> Exercise prompt: What do the lines from the one containing "Első Splitter Toyota Corolla XII Sedan" through the end of the listing below say? Restate them word for word and give nothing else.
Dataset extract below:
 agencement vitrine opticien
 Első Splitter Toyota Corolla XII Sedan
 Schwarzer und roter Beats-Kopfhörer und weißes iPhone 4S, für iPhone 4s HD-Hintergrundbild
End of Dataset extract.
> Result of this task:
 Első Splitter Toyota Corolla XII Sedan
 Schwarzer und roter Beats-Kopfhörer und weißes iPhone 4S, für iPhone 4s HD-Hintergrundbild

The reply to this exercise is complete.